Bu il başkanı gidip beni karakola şikayet etmişti! 

Şaşırmıştım! O gün şöyle yazdım; “Siyasi parti il başkanı neden bundan rahatsız olur? Gizlediği bir şey mi var?”

Uzatmayayım Taksim Karakolunda ifade verdim.

Şikayeti şöyleydi: “İzinsiz görüntümü paylaştı. Hakaret etti”

Birincisi kimseye hakaret etmedim. İkincisi görüntü paylaşımında izin alınacak durum yok. Ben bir medya mensubuyum, kamuya açık bir alan ve bir siyasi partinin temsilcisi olduğundan buna gerek yok!

Şikayet sonrası savcılık ifademi okudu. Kararını gönderdi.

Trabzon Cumhuriyet Başsavcılığı kararı şöyle duyurdu:”Dosyanın incelenmesinde şüphelinin gazeteci olduğu, paylaşıma konu kişinin siyasi parti temsilcisi olması kamuya mal olan bir kişi olup görüntülerin sosyal medyada şüpheli tarafından gazetecilik görevi çerçevesinde aktarılmasında atılı suça ilişkin unsurları oluşturmadığı anlaşılmış olup, şüpheli hakkında kamu adına kovuşturma yapılmasına yer olmadığına karar verilmiştir”

Kısaca suçsuz diyor! İşini yaptı gazeteci diyor devletin savcısı.. Davaya gerek yok!

Eyvallah halkın yanında görevimizin başındayız!

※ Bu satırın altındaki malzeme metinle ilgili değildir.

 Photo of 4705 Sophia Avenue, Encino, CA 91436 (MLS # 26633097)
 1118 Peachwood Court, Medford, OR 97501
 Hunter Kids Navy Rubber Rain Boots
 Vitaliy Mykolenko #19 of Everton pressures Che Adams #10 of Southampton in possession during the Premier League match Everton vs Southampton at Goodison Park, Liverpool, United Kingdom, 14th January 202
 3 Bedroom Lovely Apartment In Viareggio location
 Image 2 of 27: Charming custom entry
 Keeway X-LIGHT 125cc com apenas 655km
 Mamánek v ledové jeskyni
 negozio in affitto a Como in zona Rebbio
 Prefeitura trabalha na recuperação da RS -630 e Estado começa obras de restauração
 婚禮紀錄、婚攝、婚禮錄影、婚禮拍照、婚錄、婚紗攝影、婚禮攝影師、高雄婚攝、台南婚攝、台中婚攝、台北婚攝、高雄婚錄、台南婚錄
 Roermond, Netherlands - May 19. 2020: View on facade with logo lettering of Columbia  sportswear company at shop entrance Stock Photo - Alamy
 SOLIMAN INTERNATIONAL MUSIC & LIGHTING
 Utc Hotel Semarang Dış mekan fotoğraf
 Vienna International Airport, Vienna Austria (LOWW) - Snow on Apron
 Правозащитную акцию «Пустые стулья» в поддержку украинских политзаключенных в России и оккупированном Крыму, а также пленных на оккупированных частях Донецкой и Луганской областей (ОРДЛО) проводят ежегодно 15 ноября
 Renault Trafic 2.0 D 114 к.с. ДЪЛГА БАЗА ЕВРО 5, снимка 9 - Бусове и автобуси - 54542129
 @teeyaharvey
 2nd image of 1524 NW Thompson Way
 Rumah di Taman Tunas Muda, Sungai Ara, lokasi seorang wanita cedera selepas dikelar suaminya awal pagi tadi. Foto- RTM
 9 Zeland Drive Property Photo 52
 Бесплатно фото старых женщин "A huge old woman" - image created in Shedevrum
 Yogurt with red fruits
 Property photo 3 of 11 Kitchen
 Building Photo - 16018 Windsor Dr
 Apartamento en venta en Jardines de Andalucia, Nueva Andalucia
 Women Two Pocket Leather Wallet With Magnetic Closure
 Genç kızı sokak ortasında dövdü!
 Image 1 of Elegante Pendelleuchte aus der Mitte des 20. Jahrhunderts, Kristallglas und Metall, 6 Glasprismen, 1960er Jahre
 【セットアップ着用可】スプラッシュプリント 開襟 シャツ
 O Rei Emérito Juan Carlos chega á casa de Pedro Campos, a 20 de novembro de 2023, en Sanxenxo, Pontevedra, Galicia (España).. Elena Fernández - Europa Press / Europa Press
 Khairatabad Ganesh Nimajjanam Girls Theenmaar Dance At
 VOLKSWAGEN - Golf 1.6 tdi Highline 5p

Peki tekrar soralım bir siyasi partinin il başkanı Trabzon adliyesinden çıktığı anın duyulmasını neden istemez? Siyasi parti il başkanı kendini saklamaya uğraşır mı? Yoksa kendini ifade etmeye mi çalışır? 

E soralım seçim kuruluna uğradı mı? Uğramadıysa hangi tür dosyası için ordaydı? 

Bence bu soruların cevabını en çok genel başkanı Muharrem İnce merak ediyordur.